Ecosystem services have been identified as critical for sustainable development by internationally important groups such as the United Nations Millennium Ecosystem Assessment (See http://www.unep.org/maweb/en/Index.aspx) and the World Business Council for Sustainable Development (WBCSD) (See http://www.wbcsd.org/home.aspx). Sustainable development for humans can only be realized by ensuring that the biosphere’s capacity to provide a continuous flow of ecosystem services is maintained and enhanced [1,2,3]. However, ecosystem services, which cannot be easily replaced by technologies [4], are “undergoing rapid degradation and depletion” [5] (p. 395). The Millennium Ecosystem Assessment [6,7] has determined that 15 of the 24 ecosystem services examined are being seriously affected or unsustainably used. Currently, the global economy is being increasingly affected because of the degradation of ecosystem services [8].

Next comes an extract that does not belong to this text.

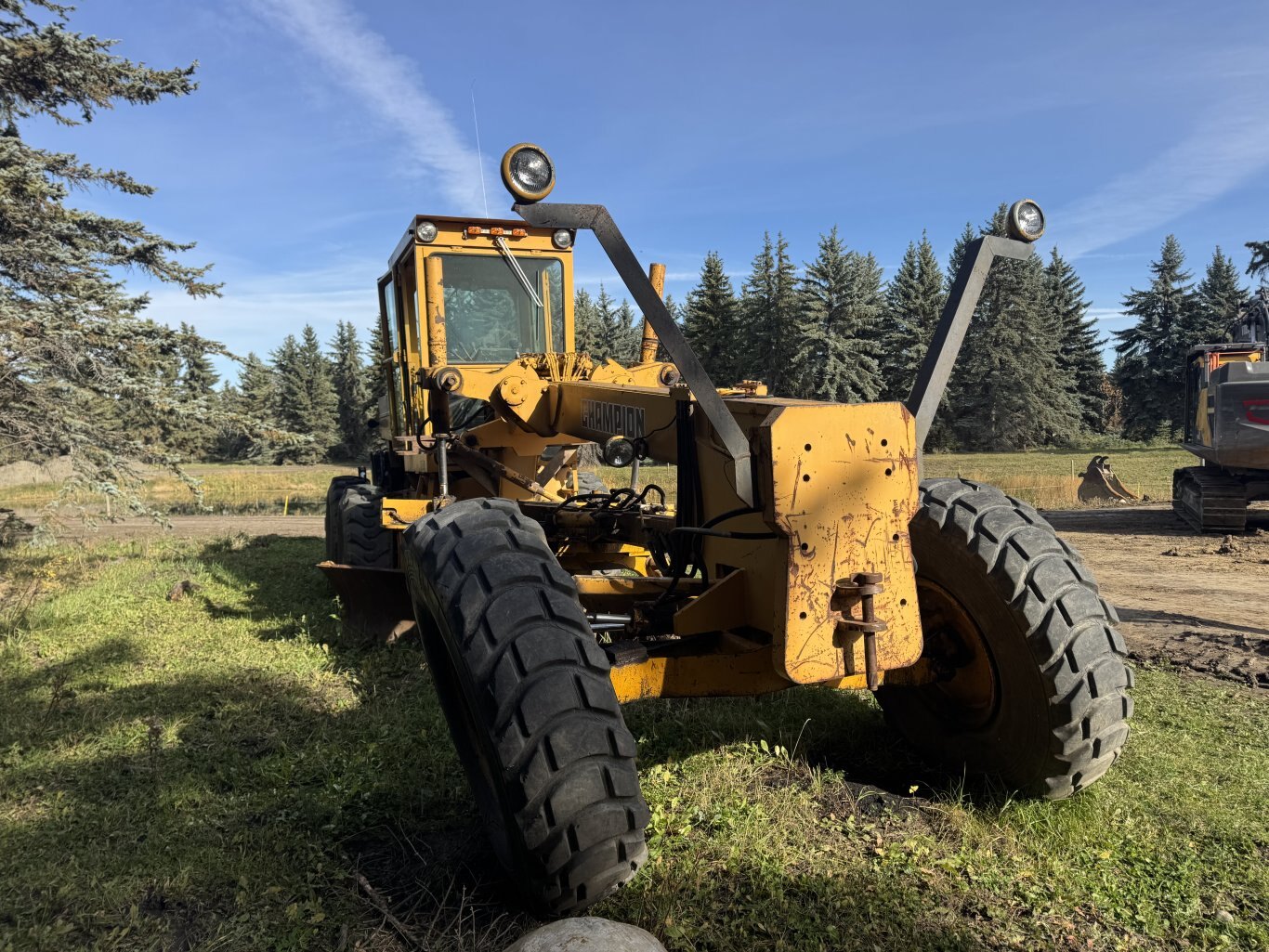 1977 Champion 760 Motor Grader #9188 JP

Given this reality, it is imperative to reshape policies and decision-making with the concept of ecosystem services in mind. Ecosystem services are being increasingly put on policy agendas due to the contribution of the Millennium Ecosystem Assessment [9] and related projects such as The Economics of Ecosystems and Biodiversity (See http://www.teebweb.org/) (TEEB). Ecosystems are being recognized as natural assets with tremendous value by more governmental officials and corporate leaders [10,11]. Waage and Kester [11] reported that the integration of ecosystem services into policies is being explored by several governments such as Australia, Canada, Denmark, France, Germany, and the U.K. Corporations such as Shell, Suncor, PUMA and UPM are also investigating the integration of ecosystem services into their decision making [12]. The Sustainable Development Goals put forward by the United Nations (UN) require integrating ecosystem values into national and local planning [13]. “One Planet Perspective”, the WWF (World Wide Fund For Nature) Living Planet Report [14] outlines solutions for achieving sustainable development, including to “restore damaged ecosystems and ecosystem services” [14] (p. 108).

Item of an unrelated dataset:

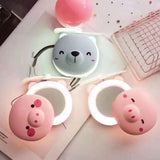 Pepa Led Mirror nd fan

Since 2000, China’s rate of growth has ranged between 6.9% and 11.4% [15]. However, during this process, substantial resources have been consumed and a large quantity of waste has been produced [16], causing losses of ecosystem services. Perhaps the most noteworthy is the critically serious air pollution problem in Beijing, Shanghai and some other big cities [17]. The central government of China embraced the concept of the circular economy (CE) in 2002 as a way to resolve the problem of serious natural resource depletion and environmental pollution [18,19]. In China, the CE absorbs concepts of industrial ecology (IE) and applies it at a jurisdictional and geographic level.

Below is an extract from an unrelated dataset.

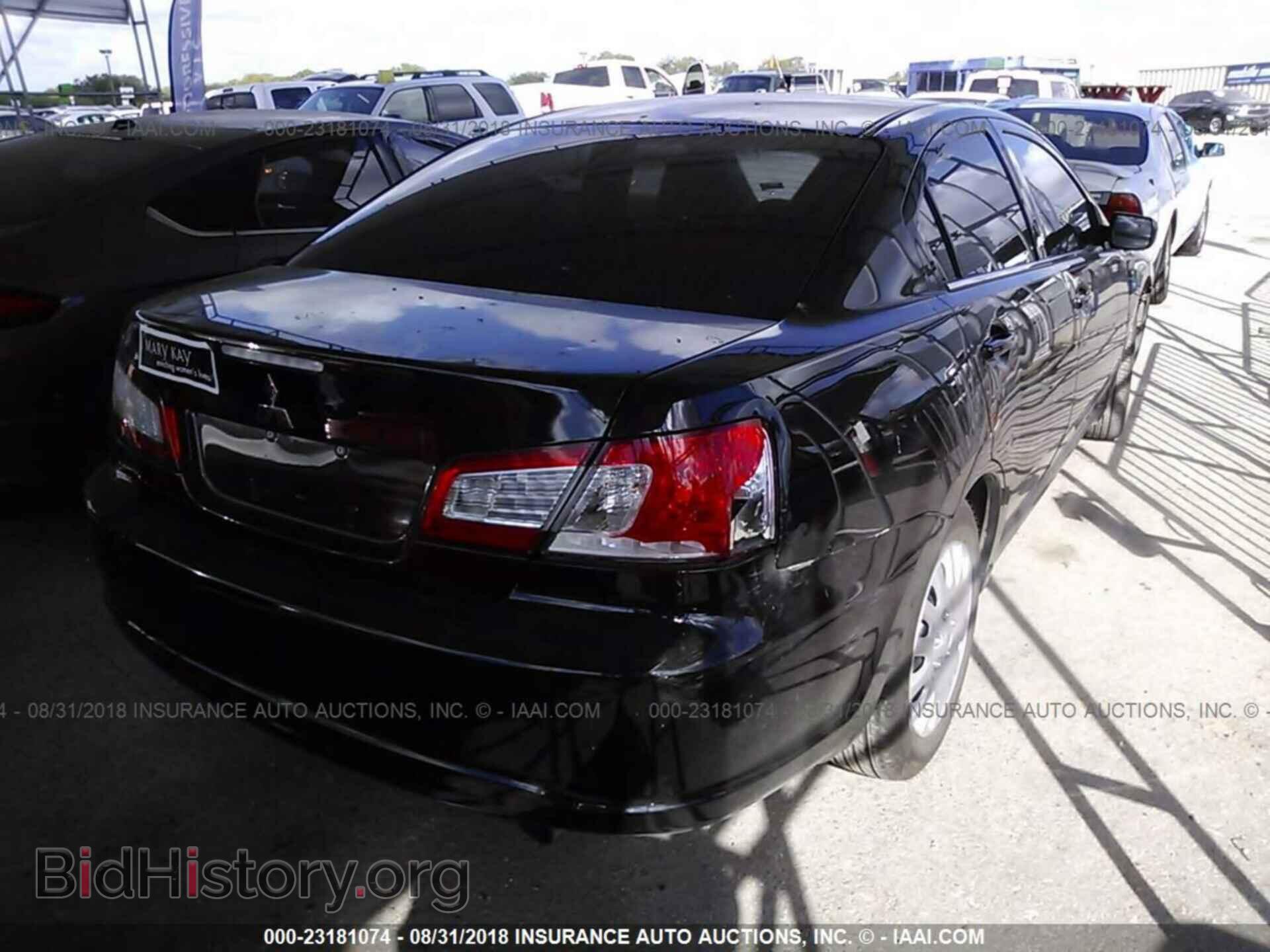 2012 Mitsubishi Galant - VIN: 4A32B3FF8CE025832 - Фото 4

IE has spawned a number of concepts such as the industrial ecosystem, industrial metabolism and industrial symbiosis. However, linking the concept of ecosystem services with IE has only recently gained prominence by researchers and practitioners of the IE field. For example, some have made the case that the design and operation of eco-industrial parks (EIPs) should reflect this reality [20]. Some EIPs, such as the Devens eco-industrial park in America [21] and the Tianjin Economic-Technological Development Area (TEDA) in China [22], have taken some initiatives related with restoring ecosystem services.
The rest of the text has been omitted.